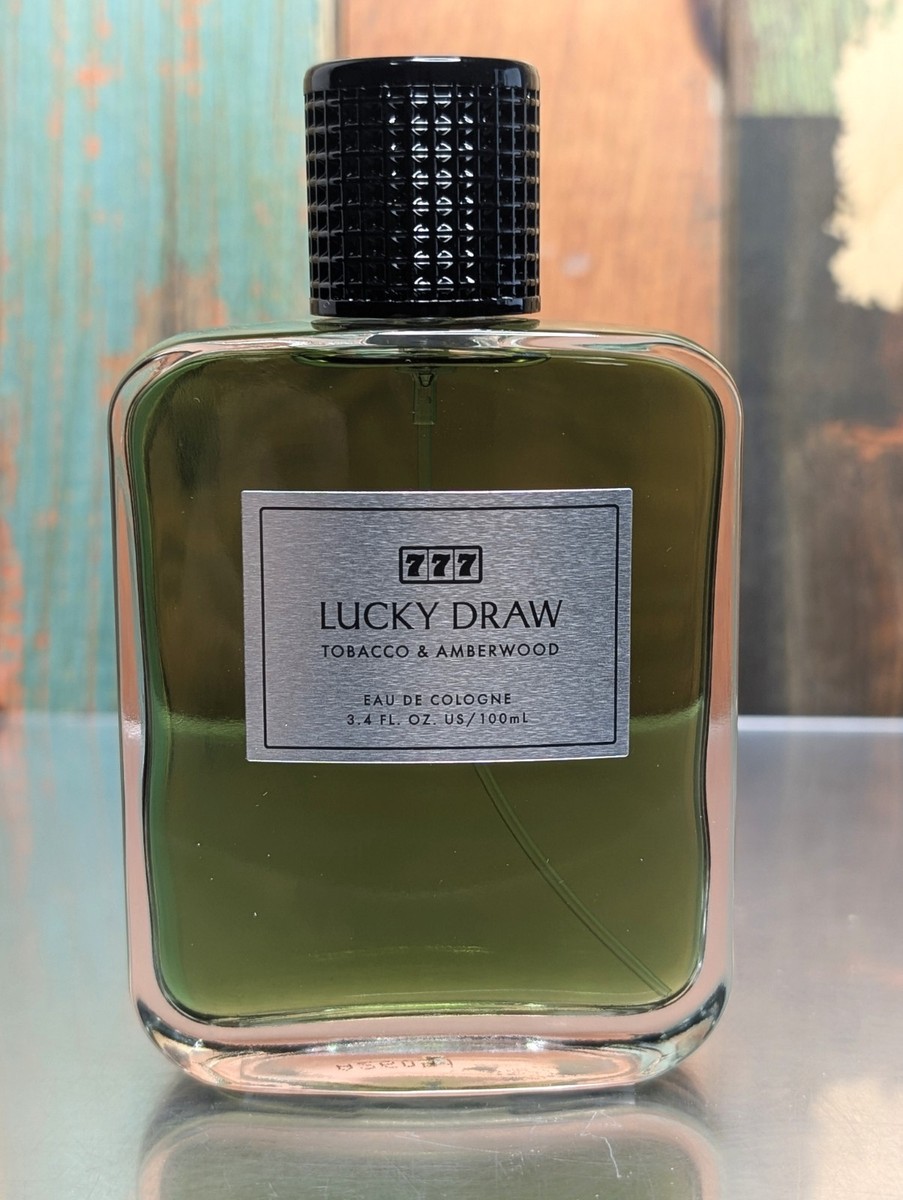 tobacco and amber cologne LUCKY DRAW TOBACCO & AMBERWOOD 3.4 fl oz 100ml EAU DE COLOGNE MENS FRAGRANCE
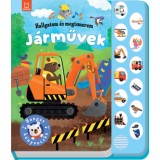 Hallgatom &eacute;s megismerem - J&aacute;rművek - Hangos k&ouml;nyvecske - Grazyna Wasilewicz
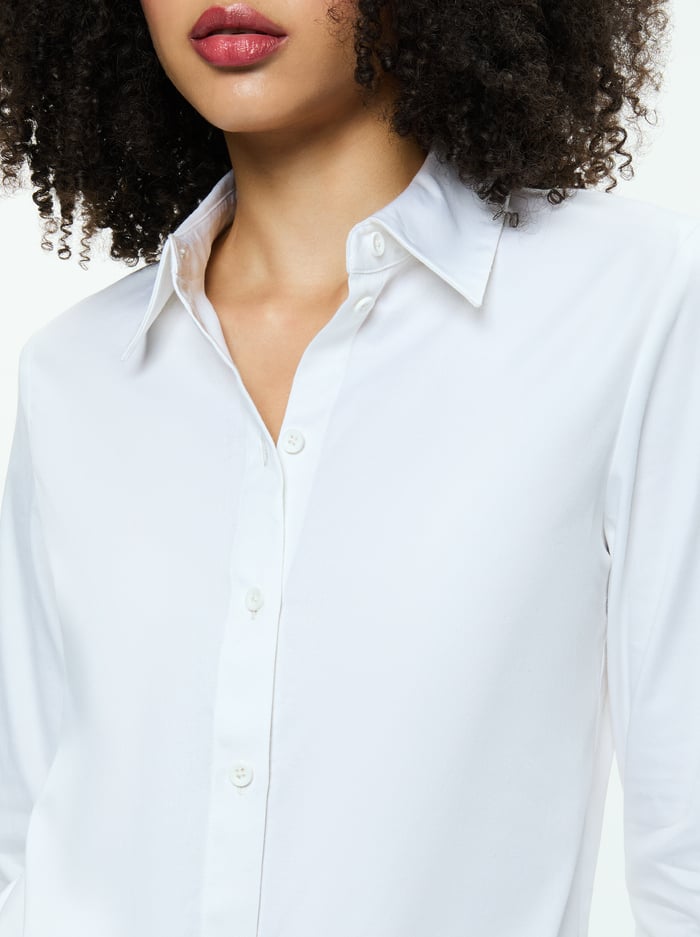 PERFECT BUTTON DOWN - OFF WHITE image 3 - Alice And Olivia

========================

### [Exercise instructions]
The finished copy should match the data above word for word and contain no pictures.

### [Problem solution]
 tobacco and amber cologne LUCKY DRAW TOBACCO & AMBERWOOD 3.4 fl oz 100ml EAU DE COLOGNE MENS FRAGRANCE
 Hallgatom &eacute;s megismerem - J&aacute;rművek - Hangos k&ouml;nyvecske - Grazyna Wasilewicz
 PERFECT BUTTON DOWN - OFF WHITE image 3 - Alice And Olivia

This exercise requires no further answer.